▶ [Task description]
Please print the entries below exactly, from the line with "2 in 1 magic" through the line with "Image of Ekouaer", including both of those lines and leaving out all others.

▶ [Records supplied]

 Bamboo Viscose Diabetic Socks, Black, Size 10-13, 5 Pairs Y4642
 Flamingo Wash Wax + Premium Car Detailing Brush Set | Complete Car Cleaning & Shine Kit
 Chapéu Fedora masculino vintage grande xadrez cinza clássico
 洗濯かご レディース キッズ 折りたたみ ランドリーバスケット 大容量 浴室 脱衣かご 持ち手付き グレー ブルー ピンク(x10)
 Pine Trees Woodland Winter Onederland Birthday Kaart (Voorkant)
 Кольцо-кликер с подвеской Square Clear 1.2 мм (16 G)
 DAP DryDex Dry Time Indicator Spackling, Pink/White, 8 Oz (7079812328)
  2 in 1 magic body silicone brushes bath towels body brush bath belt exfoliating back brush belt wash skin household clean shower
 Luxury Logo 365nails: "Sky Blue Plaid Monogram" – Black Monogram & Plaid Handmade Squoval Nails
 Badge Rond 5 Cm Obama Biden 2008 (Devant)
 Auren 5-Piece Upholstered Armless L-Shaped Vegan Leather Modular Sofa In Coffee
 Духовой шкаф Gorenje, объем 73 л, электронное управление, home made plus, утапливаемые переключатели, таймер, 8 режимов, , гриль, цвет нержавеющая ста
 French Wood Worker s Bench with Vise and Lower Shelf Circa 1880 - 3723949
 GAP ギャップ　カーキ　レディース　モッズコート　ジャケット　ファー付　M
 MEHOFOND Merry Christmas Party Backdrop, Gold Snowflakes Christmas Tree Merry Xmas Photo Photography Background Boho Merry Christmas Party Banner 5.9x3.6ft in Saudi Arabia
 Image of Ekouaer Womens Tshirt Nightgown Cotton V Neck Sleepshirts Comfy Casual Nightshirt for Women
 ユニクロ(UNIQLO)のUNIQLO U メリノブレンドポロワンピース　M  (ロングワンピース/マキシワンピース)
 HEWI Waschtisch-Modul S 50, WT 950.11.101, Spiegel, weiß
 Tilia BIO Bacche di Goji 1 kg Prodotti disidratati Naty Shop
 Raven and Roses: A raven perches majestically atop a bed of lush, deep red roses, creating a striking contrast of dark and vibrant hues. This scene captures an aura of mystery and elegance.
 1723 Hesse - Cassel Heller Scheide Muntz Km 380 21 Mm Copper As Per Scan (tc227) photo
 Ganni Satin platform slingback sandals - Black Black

▶ [Problem solution]
  2 in 1 magic body silicone brushes bath towels body brush bath belt exfoliating back brush belt wash skin household clean shower
 Luxury Logo 365nails: "Sky Blue Plaid Monogram" – Black Monogram & Plaid Handmade Squoval Nails
 Badge Rond 5 Cm Obama Biden 2008 (Devant)
 Auren 5-Piece Upholstered Armless L-Shaped Vegan Leather Modular Sofa In Coffee
 Духовой шкаф Gorenje, объем 73 л, электронное управление, home made plus, утапливаемые переключатели, таймер, 8 режимов, , гриль, цвет нержавеющая ста
 French Wood Worker s Bench with Vise and Lower Shelf Circa 1880 - 3723949
 GAP ギャップ　カーキ　レディース　モッズコート　ジャケット　ファー付　M
 MEHOFOND Merry Christmas Party Backdrop, Gold Snowflakes Christmas Tree Merry Xmas Photo Photography Background Boho Merry Christmas Party Banner 5.9x3.6ft in Saudi Arabia
 Image of Ekouaer Womens Tshirt Nightgown Cotton V Neck Sleepshirts Comfy Casual Nightshirt for Women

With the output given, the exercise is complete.